You might wonder what a smile and information about trains might have to do with my weekend at the fullerton train station, but if you did wonder that, it probably means you haven’t been following my story, which is in itself, just fine. It presents to you the opportunity of going back and reading about my journey to railfanhood if you’re so inclined. Discovering the roots of my fascination with trains is something you may enjoy doing, but for here and for now, you’re reading this essay and I’m about to explain what all of that has to do with the fullerton train station.

It may be that the only real connection that Rob Sanchez’s smile has with any of it this weekend at least is that I smiled a great deal of the time I was at the station on Friday and Saturday.

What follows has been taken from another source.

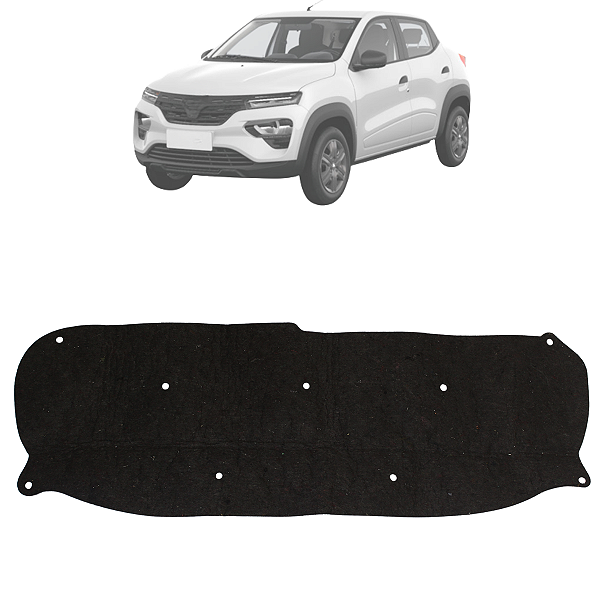 Manta Acústica Forro Capô Kwid 2018 Até 2023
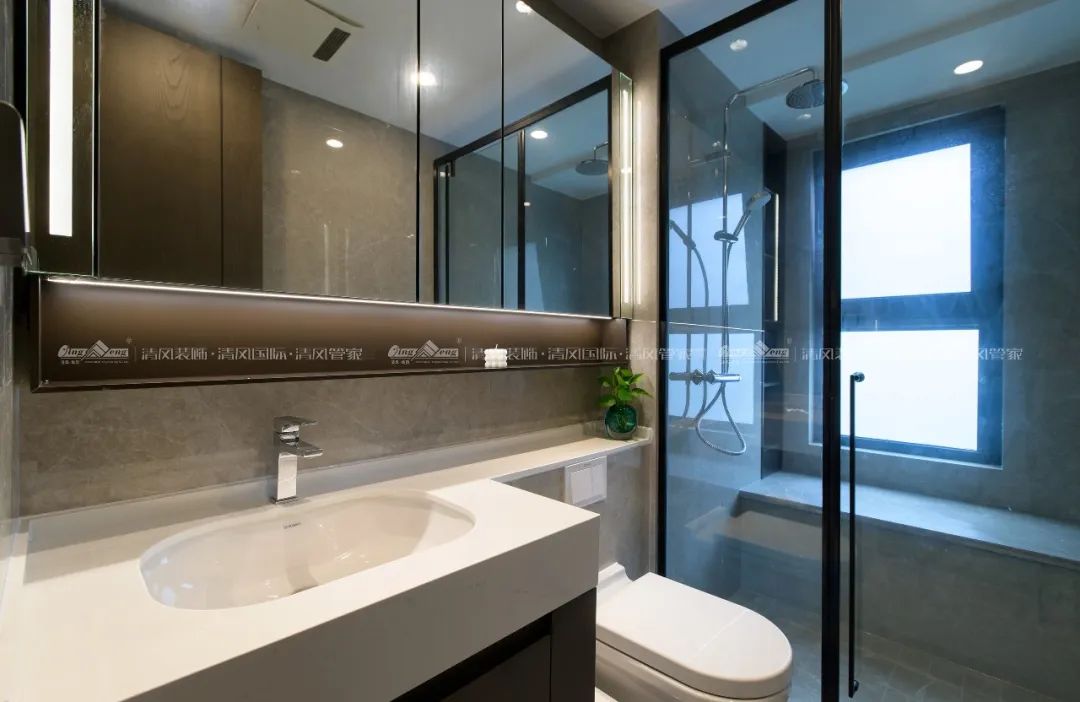 赏·析|198㎡现代轻奢,与精致主义撞个满怀! 赏·析|198㎡现代轻奢,与精致主义撞个满怀!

I spent a lot of time waving, walking up and down the platform to get a different perspective on the passing of the trains, and a lot of time on the patio chatting it up with the fans. The weekend fans were dominated by one man talking about a Big Boy, a Union Pacific engine, a one man conversation which I could hear all the way on the other side of the platform directly facing track 3. On Saturday I met my sister and the girls, Steve, and Millie just to see them get on the train and to say hello to my nieces. We sat in one of the little awnings protecting ourselves from the sun which beat fiercely that morning. We took pictures of the girls sitting on the benches, standing by the sign, and waved as they got on the train for San Juan Capistrano. As they left, I pulled out my book and my sun block and got to work preparing for a morning at the station. Breakfast, ice-cream, bottled water, I ate and drank in silence, in sunshine, and then went on my journey for a better place to watch trains.

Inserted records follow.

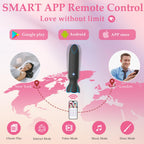 Mini Bullet Vibrator Adult Toys - Vibrators App Controlled Female Sex Toys with 9 Vibration Modes, Lipstick G Spot Dildo Clitora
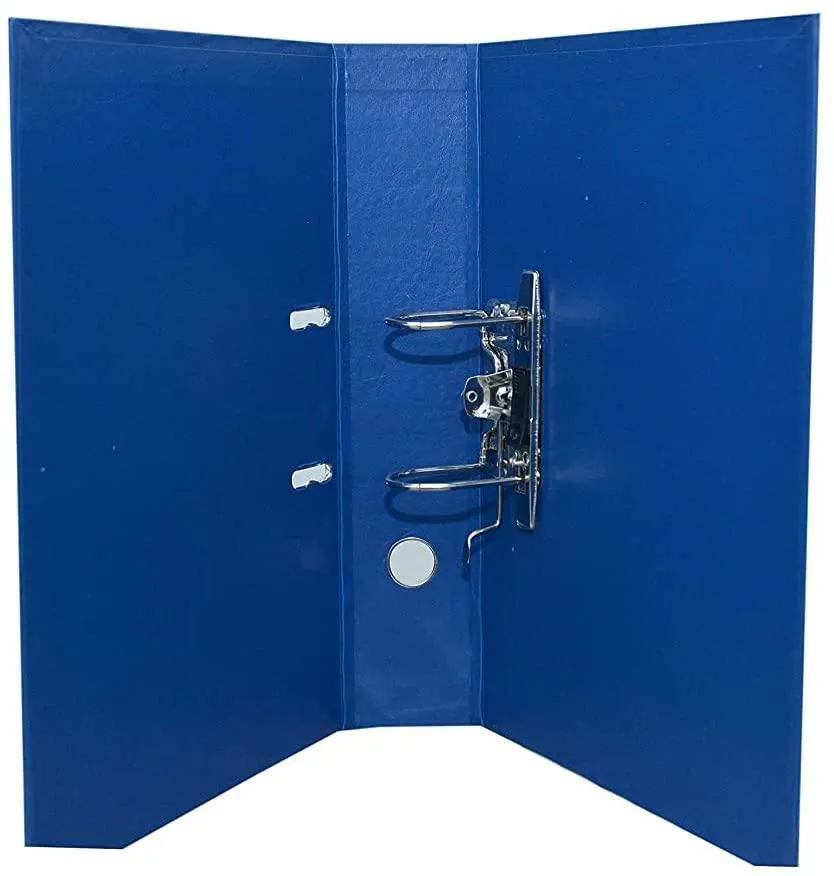 CHROME 3 INCHES ARCH LEVER FILE DOUBLE PVC-556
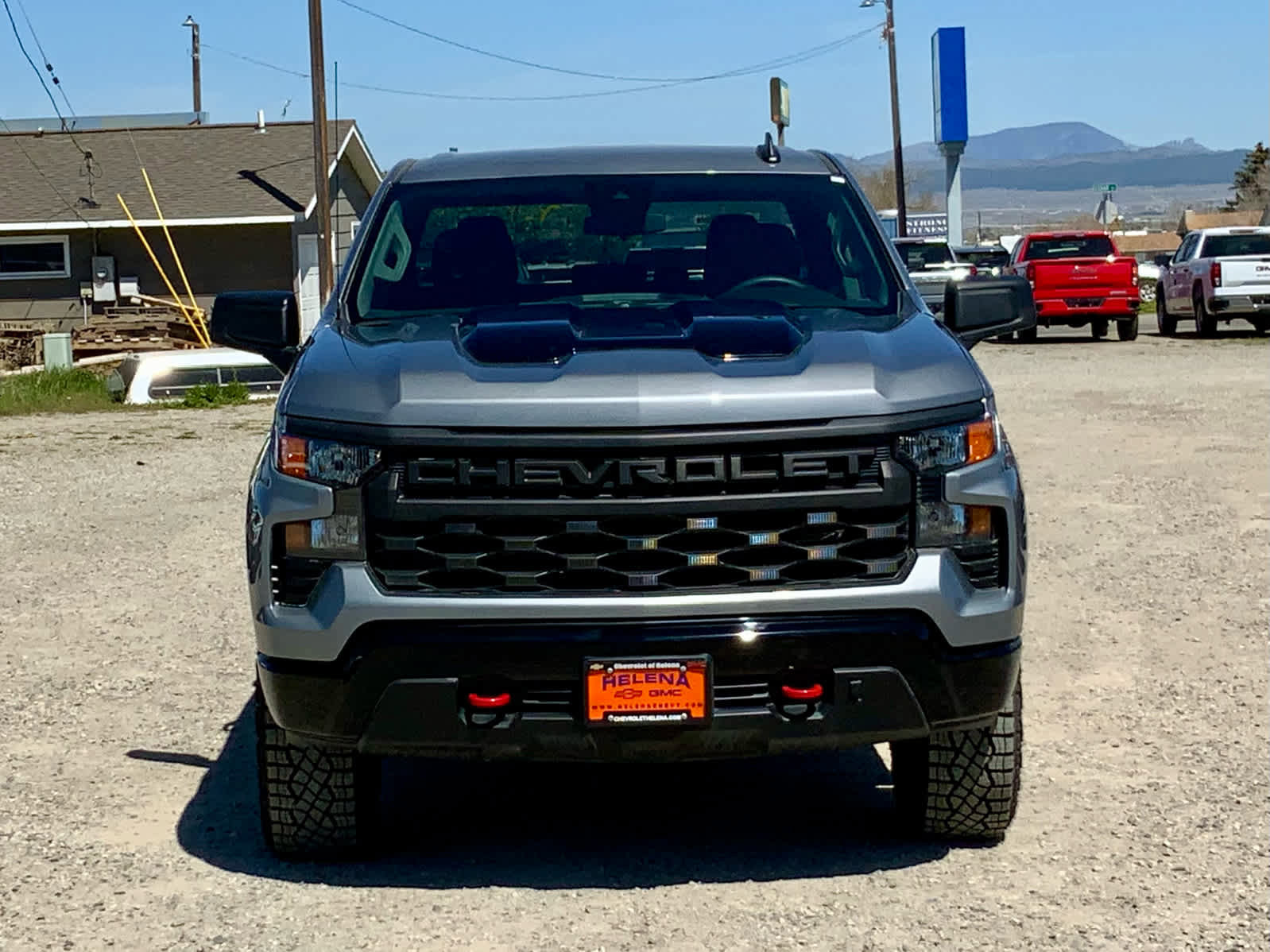 New 2026 Chevrolet Silverado 1500 Custom Trail Boss w/ LPO, Dark Essentials Package AWD/4WD image 8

My usual spot by the railroad tracks was bathed in warm sunshine, a light breeze caressed our faces and hands, bags, books, cell phones, the wrought iron bench occupied by two college girls, one texting, the other looking through the pages of a book, both of them talking about taking a child development class and how much reading they have to complete. I remember those days, days of reading books that were of no interest to me, some that were, and mainly just getting through all that information, days, that, surprisingly, I don’t miss at all. Weeks before the Chatsworth accident that now is demanding all my academic prowess, I decided to give up my own pursuit of a Masters degree, simply because I didn’t want to spend any more time reading things that I had finally decided weren’t interesting to me. Lilian, in July, at our meeting at Starbucks, told me I could get a Masters in train wrecks. I’m sure I could, but for here and for now, there is only one train wreck that interests me, and only one person’s story that I want to remember, and only one person’s face I want to imagine seconds before that fateful collision, whatever its’ cause. I’ve discussed before that to concentrate on any of the other stories would simply be too overwhelming. I suppose, as I told Denis and Jill on the Wine Lovers Daylight train last weekend, I am drawn to controversial subjects. This one currently is still too fresh for anyone to remember the engineer with any degree of kindness. I’ll take it. Bring it on. This is my kind of story. And it’s all because of a roast beef sandwich with no tomato, and a smile.

An announcement comes over the public address system informing us that the Amtrak train headed for Santa Barbara is running approximately twenty-five minutes late. The two college girls get up and we say goodbye, I wish them luck getting to Moor Park. Moor Park has a lot of interesting architecture I tell them, something I picked up from some observations from the Wine Lovers train. They respond that they’ve never been to Moor Park but the conversation does not proceed any further.

The Accident connection

Shortly after the two college girls leave I get up in search of another spot, determined to finish the seventh volume of my Braille edition of Santa Fe: The Railroad that Built an Empire. Ultimately, I don’t achieve that goal today but I do have fun and that’s the most important thing to occur this weekend, the overwhelming sense of fun. I go further down to the east end of the tracks where the benches are and find a spot that at first seems shady but then becomes sunny as the sun moves position. A guy sitting on the next bench asks me if I want to get out of the sun and so he tells me that there is an awning over that bench. I recognize the location of this bench and sit there now, protected from the sun, enjoying the warm day, waiting for the trains, and reading.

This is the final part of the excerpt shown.